30% de l’activité à l’international
En sept ans, Sœur, dirigée par Angélique et Domitille Brion, a effectivement changé de dimension, passant de 6 M€ de chiffre d’affaires en 2016 à 50 M€ cette année, tandis que sa marge d’Ebitda a quasiment doublé sur la période pour atteindre les 18%. « Nous avons travaillé tous les aspects du business model, de l’approvisionnement à l’optimisation des points de vente, en passant par le digital et le développement international » explique Virginie Birade. Les quatre boutiques parisiennes historiques font désormais partie d’un réseau de 48 magasins en propre, situés majoritairement en France, mais aussi en Espagne (quatre boutiques), en Belgique (deux) et au Royaume-Uni où un deuxième magasin doit prochainement être inauguré. Des partenariats avec des grossistes ont également été noués en Corée du Sud et aux États-Unis permettant de porter la part de l’export à 30 % du chiffre d’affaires.

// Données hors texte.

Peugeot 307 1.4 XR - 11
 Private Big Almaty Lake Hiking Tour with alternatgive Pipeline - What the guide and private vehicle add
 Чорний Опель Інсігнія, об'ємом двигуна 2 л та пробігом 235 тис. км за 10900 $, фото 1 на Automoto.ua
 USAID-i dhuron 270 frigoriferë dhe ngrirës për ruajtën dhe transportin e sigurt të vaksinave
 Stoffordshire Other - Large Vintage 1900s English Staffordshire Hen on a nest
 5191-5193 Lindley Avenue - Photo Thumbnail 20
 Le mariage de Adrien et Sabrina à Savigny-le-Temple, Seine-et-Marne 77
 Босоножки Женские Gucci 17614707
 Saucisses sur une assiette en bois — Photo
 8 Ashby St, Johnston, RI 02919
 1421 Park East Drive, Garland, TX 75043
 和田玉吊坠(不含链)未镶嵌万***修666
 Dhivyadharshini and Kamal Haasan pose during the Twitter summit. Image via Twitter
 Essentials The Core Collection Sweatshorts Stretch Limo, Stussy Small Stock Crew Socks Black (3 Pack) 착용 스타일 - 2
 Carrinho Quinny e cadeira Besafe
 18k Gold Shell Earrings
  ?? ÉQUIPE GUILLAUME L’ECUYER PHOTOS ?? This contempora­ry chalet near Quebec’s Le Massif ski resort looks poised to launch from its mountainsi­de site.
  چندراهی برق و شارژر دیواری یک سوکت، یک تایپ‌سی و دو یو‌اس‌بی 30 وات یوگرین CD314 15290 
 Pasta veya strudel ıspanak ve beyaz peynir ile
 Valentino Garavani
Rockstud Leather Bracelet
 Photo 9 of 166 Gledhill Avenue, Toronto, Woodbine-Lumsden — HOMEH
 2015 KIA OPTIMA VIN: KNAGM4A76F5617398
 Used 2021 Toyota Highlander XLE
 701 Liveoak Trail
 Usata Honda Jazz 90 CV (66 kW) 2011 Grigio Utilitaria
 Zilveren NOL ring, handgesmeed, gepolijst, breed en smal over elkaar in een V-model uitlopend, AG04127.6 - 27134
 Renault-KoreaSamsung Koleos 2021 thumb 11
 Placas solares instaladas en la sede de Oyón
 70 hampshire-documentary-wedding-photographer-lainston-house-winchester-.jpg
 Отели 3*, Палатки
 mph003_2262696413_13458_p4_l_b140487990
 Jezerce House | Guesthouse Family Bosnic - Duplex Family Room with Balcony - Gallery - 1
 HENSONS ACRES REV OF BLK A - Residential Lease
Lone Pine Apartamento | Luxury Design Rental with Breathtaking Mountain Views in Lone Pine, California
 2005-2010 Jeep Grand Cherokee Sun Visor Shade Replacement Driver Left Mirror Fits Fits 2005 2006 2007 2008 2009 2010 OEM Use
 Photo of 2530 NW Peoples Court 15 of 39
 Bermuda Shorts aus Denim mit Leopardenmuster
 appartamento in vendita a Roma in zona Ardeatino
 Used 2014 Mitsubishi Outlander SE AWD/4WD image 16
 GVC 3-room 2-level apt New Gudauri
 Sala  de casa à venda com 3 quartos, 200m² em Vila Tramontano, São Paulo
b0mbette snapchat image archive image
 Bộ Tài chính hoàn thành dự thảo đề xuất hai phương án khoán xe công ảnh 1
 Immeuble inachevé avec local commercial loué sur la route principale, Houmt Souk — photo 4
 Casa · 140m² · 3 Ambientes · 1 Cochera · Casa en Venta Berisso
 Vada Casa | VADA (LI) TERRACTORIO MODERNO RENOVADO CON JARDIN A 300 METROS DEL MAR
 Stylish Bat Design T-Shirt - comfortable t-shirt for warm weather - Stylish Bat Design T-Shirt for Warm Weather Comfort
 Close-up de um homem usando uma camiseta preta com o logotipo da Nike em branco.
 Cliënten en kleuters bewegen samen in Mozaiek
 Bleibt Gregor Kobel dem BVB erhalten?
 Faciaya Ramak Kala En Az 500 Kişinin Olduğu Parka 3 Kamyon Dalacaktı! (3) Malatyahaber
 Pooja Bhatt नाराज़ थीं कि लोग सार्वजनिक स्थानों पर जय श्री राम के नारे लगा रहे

Accélérer en Asie et aux États-Unis
L’accent a également été mis sur l’accélération des ventes en ligne qui contribuent aujourd’hui à 30 % des revenus, contre 10 % en 2016. Un travail notamment impulsé par Freja Day, ancienne responsable France de Zara .com, recrutée comme directrice générale en 2019. Enfin, l’offre des accessoires (sacs, bijoux, foulards, etc.) s’est étoffée et génère désormais le quart du chiffre d’affaires. Autant d’axes qui devraient continuer d’être portés par le nouvel actionnaire. « Nous prévoyons une trentaine d’ouvertures de magasins en Europe dans les cinq ans, en ciblant en particulier le Royaume-Uni, l’Espagne et l’Italie » indique Francesca Grosso, directrice chez Style Capital. La distribution wholesale devrait également être poussée en Corée du Sud et aux États-Unis, avec l’objectif d’atteindre les 100 M€ de revenus sur la période, répartis équitablement entre la France et l’étranger.